> **INFORMATION SUPPLIED**

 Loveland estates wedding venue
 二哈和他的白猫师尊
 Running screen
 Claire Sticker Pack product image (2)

> **AIM OF THE TASK**
Retype, exactly as written, each line from the one containing "Running screen" through the last line of the listing above, and leave out all other lines.

> **ANSWER SECTION**
 Running screen
 Claire Sticker Pack product image (2)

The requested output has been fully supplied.